Search code examples
marklogicmarklogic-9mlcp

How to remove a column from a csv file while loading a file?


I want to remove the particular column from the csv file and load it into database using mlcp.

My csv file contains:

URI,EmpId,Name,age,gender,salary
1/Niranjan,1,Niranjan,35,M,1000
2/Deepan,2,Deepan,25,M,2000
3/Mehul,3,Mehul,28,M,3000

I want to use that URI column as the uri for the document and also that uri column should be skipped/removed in the inserted document.

How to do it??


Solution

  • Your best bet when using MLCP and not in MarkLogic Data Hub context is using MLCP tranforms. You can find some explanation, and a few examples here:

    Transforming Content During Ingestion

    In case you are converting your CSV to JSON, you could use something like the following..
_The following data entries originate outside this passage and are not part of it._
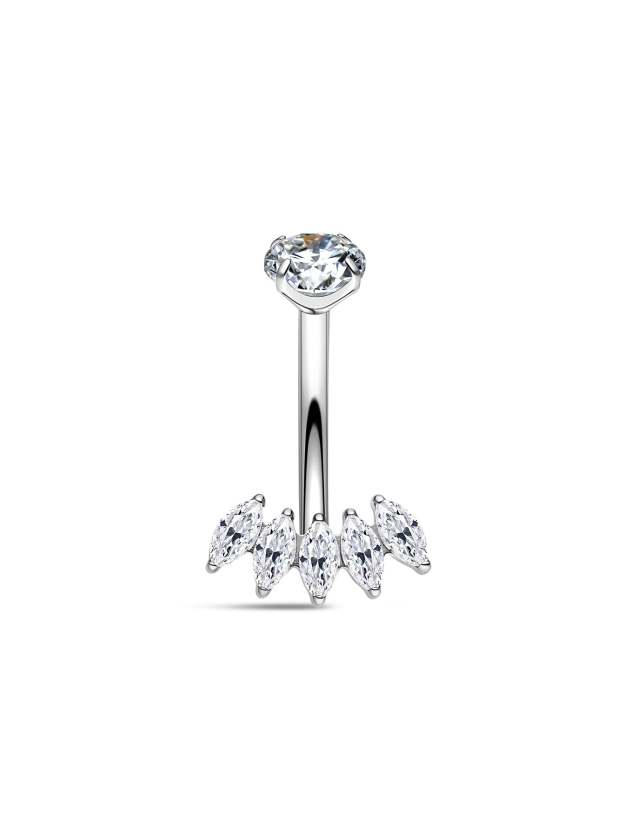 G23 Titanium Marquise Zirconia Belly Ring-Olarajewelry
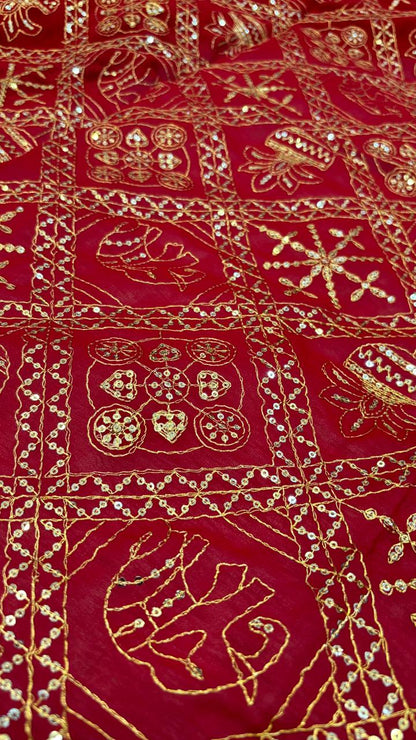 Vintage Duppta, One Side Pallu - Red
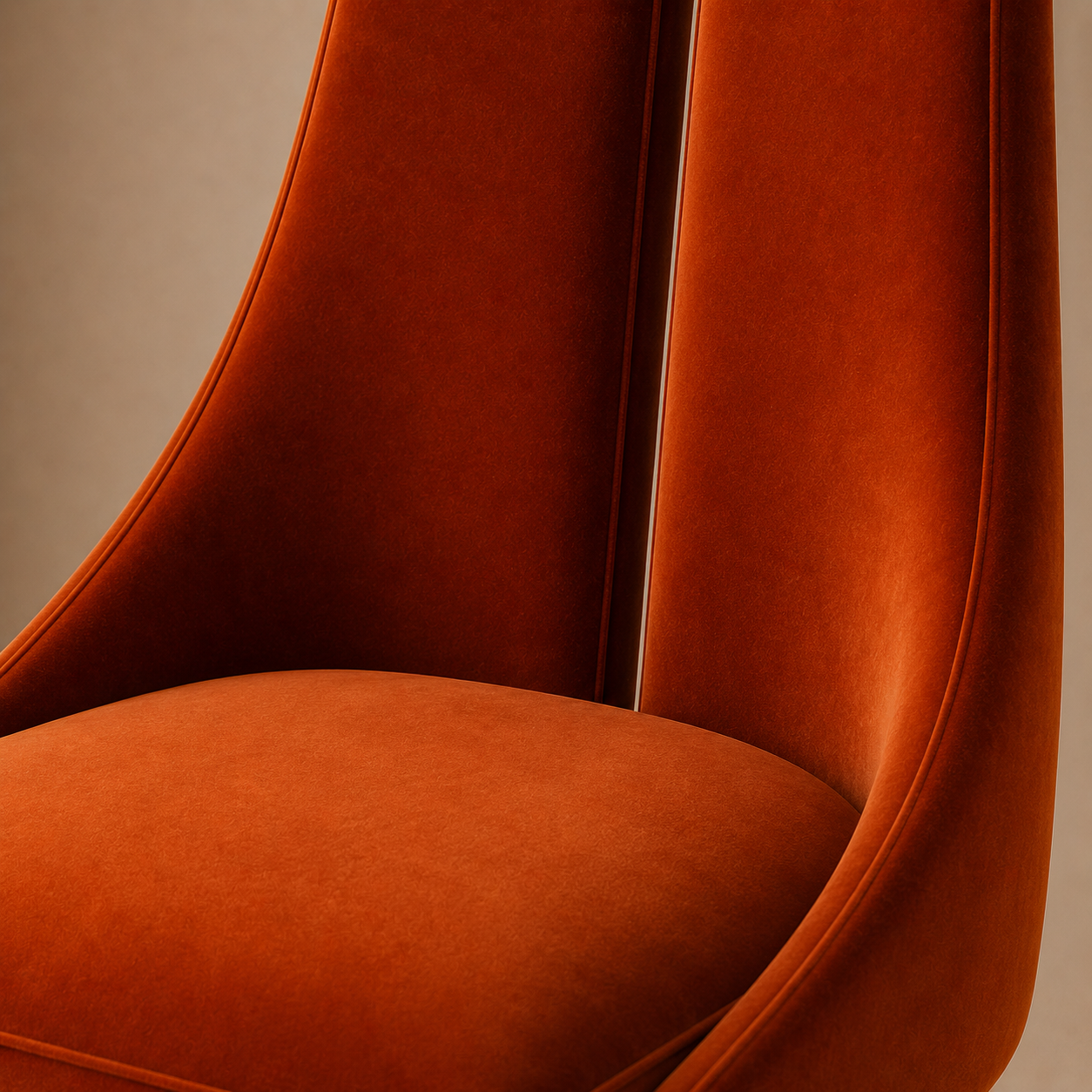 The Tuli Dining Side Chair — High-Back Split Velvet in Burnt Orange with Solid Walnut Legs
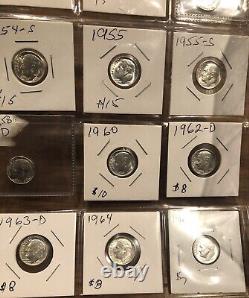 Lot of 15 1946-1963 BU Silver Roosevelt Dimes, Exceptional Mixed Group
    Save this as /strip-columns.sjs in your modules database:

    /* jshint node: true */
    /* global xdmp */
    
    exports.transform = function(content, context) {
      'use strict';
    
      /* jshint camelcase: false */
      var stripColumns = (context.transform_param !== undefined) ? context.transform_param.split(/,/) : [];
      /* jshint camelcase: true */
    
      // detect JSON, assumes uri has correct extension
      if (xdmp.uriFormat(content.uri) === 'json') {
    
        // Convert input to mutable object for manipulation
        var newDoc = content.value.toObject();
        Object.keys(newDoc)
        .map(function(key) {
          if (stripColumns.indexOf(key) > -1) {
            delete newDoc[key];
          }
        });
    
        // Convert result back into a document
        content.value = newDoc;
    
      }
    
      // return updated content object
      return content;
    };
    

    And then you'd invoke it with something like this:

    mlcp.sh import -input_file_path test.csv -input_file_type delimited_text -uri_id URI -document_type json -output_uri_prefix / -output_uri_suffix .json -output_collections data,type/csv,format/json -output_permissions app-user,read -transform_module /strip-columns.sjs -transform_param URI
    

    HTH!